2. Look into large batch processes that have long run times, take up I/O, have long wait times or cause blocking.

A good example is where you have to transfer lots of records from one table to another e.g from a daily table that only receives INSERTS (e.g job / banner hits) into a historical table for reporting.

If you are deleting large numbers of records from a table that is also being used then you don't want to cause blocks that will freeze your site. In conjunction with point 1 you should look into how you handle your DELETE / UPDATE statements so that they are done in small BATCHES using the SQL 2005+ TOP command.

Read this article for an example of updating or deleting in batches to prevent blocking.

To find out problematic queries after the fact you can utilise the SQL 2005+ Data Management Views (DMV's) which hold key information about the system.

Read this article on my top queries for performance tuning to help identify those queries that need tuning.


3. Re-Index and De-Frag tables

Make sure you regularly re-index and de-fragment your tables as over time fragmentation will build up and performance will be affected. I tend to set up a weekly MS Agent job that runs a Defrag / Re-organize or  on tables with fragmentation over a set percentage as well as rebuild index statistics.

I then also try to schedule a full re-index of all my main tables once a quarter at scheduled down times as during a full rebuild the tables can be taken off line depending on your SQL setup.


4. Identify Slow Queries

Investigate your slowest running queries to make sure they are covered adequately by indexes but also try not to over use indexes.

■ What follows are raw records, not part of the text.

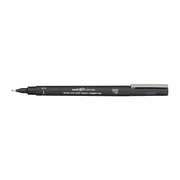 uni Pin FineLiner 0.4 - Black (Box of 12)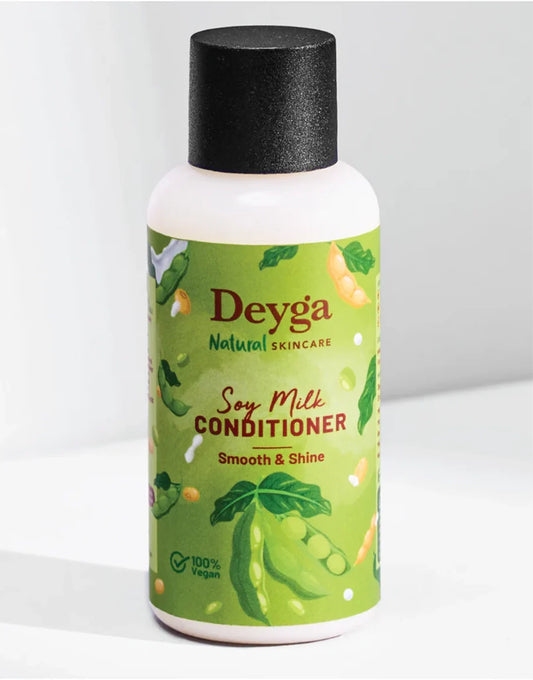 Soy milk conditioner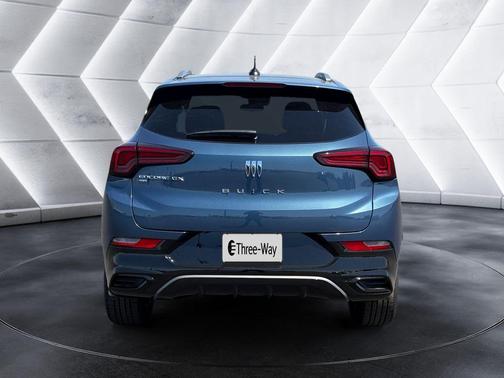 Ebony Twilight Metallic 2022 Buick Encore GX Preferred
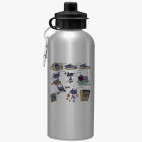 Спортивная бутылка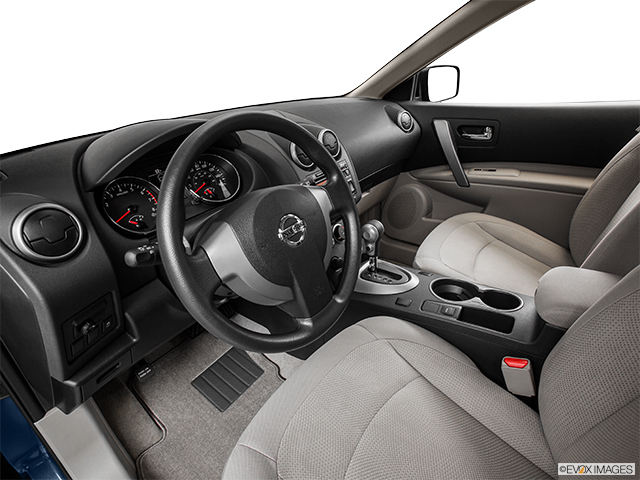 2014 Nissan Rogue Select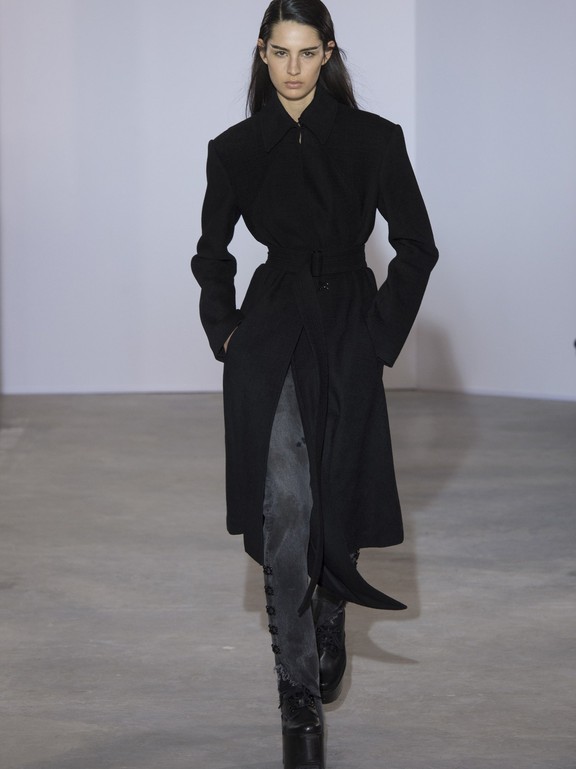  Fall 2018 Ready-to-wear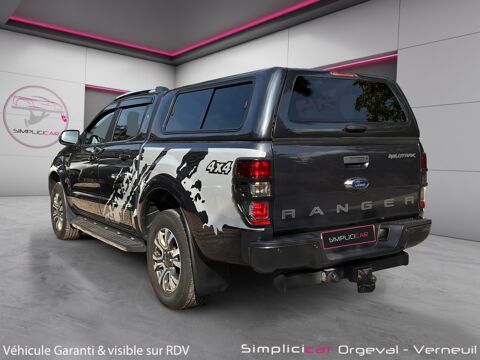 Ranger WILDTRAK 2019 occasion 78480 Verneuil-sur-Seine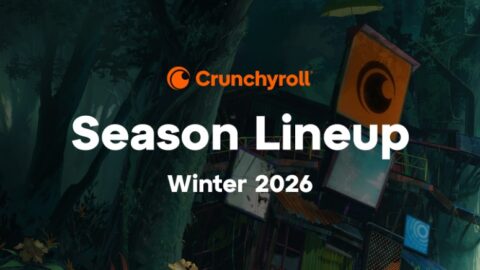 Crunchyroll revela estrenos para la temporada de invierno (videos)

Try to cover as many queries with as few indexes as possible.

Try running this SQL performance report which will identify a dozen or so areas which could be improved on your system including:


  • Causes of the server waits
  • Databases using the most IO
  • Count of missing indexes, by database
  • Most important missing indexes
  • Unused Indexes
  • Most costly indexes (high maintenance)
  • Most used indexes
  • Most fragmented indexes
  • Most costly queries, by average IO
  • Most costly queries, by average CPU
  • Most costly CLR queries, by average CLR time
  • Most executed queries
  • Queries suffering most from blocking
  • Queries with the lowest plan reuse

This is an invaluable tool for any SQL DBA or SQL performance tuning developer.



5. Split tables

If your tables are used for inserting/updating as well as selection then for each index you have on a table that's an extra update required when a record is saved. On some of my big tables that are used heavily for reporting I split the data into daily and historical data. The daily table will allow updates but the historical table will not.

At night a job will transfer the daily data into the historical table, dropping all current indexes, populating the new data and then rebuilding the indexes with a 100% fill factor. You need to balance out whether speed on data retrieval or on update is more important if the table is used for both. You should also look into points 1 and 2 about managing blocking and batch updates/deletes to handle instances where a table is being deleted whilst accessed at the same time.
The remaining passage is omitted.